引退発表を受けて急(きゅう)遽(きょ)、6日夜にジブリ映画「紅の豚」(1992年公開)が放映されることになった。8月2日に「天空の城ラピュタ」(86年公開)が放映されたときも、法則は見事的中しており、市場関係者は戦々恐々だ。
「ジブリの法則通りなら、円高ドル安になる。市場の大半は円安ドル高を予想して動いている。統計発表前に逆張りで円を買っておけば、大もうけできるんだけど…」
日テレは、独占的に放映権を持つジブリ作品を不定期だが頻繁に金曜日午後9時からの時間帯に放映しており、第1金曜日だと放映中に雇用統計が発表されることになる。
法則とは「統計と放映が重なると、統計の数字が事前の市場予想を下回り、その結果、ドルが売られて円高ドル安が進行し株価が乱高下しやすくなる」というものだ。

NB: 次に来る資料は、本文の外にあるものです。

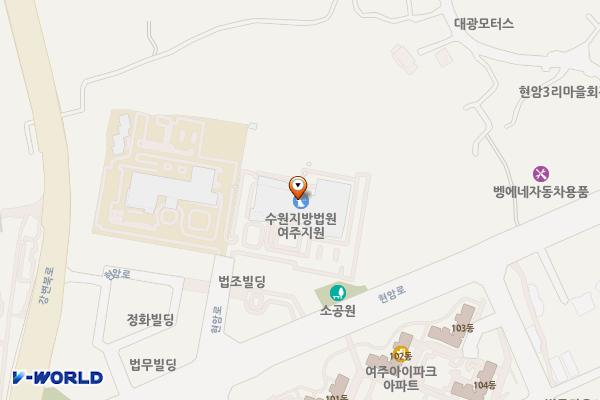 수원지방법원 여주지원 위치 지도 — 경기도 여주시 현암로 21-12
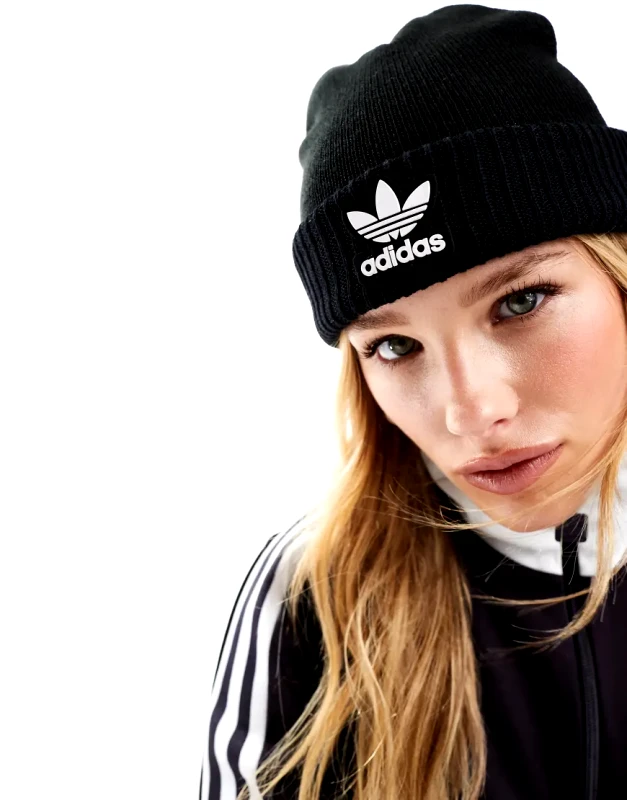 adidas Originals adidas Originals trefoil beanie in black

米紙ウォールストリート・ジャーナルによると、2010年以降、統計と放映の重複は計10回あり、うち予想を下回ったのは9回で的中率は90%に達する。この間の統計発表は全部で44回あり、予想を下回ったのは約60%の26回にすぎず、重複日は予想を下回る確率が異常に高い。
雇用統計の数値が予想よりも悪いということは、米国の景気が悪いことを意味し、予想を裏切られた投資家は、大慌てで米国のドルを売りに出し、円高ドル安が進行。株式も売られやすくなるというわけだ。
紅の豚は過去2回、雇用統計の発表日に放映され、いずれも予想を下回っており、「験の悪い作品」なのだ。
先月2日に「天空の城ラピュタ」の放映中に発表された7月の雇用統計は、市場の予想を大きく下回り、パニック的なドル売りが発生。発表前に1ドル=100円目前で推移していたが、発表後に98円台後半まで1円以上もドルが急落した。
今週末の6日に発表される8月の雇用統計について、市場は「米国経済の回復と歩調を合わせた堅調な数字が出る」(大手証券アナリスト)とみている。予想通りなら、「ドルが買われ、現在の1ドル=99円台半ばから一気に100円台まで円安が進む」(大手銀ディーラー)というのが市場の見立てだ。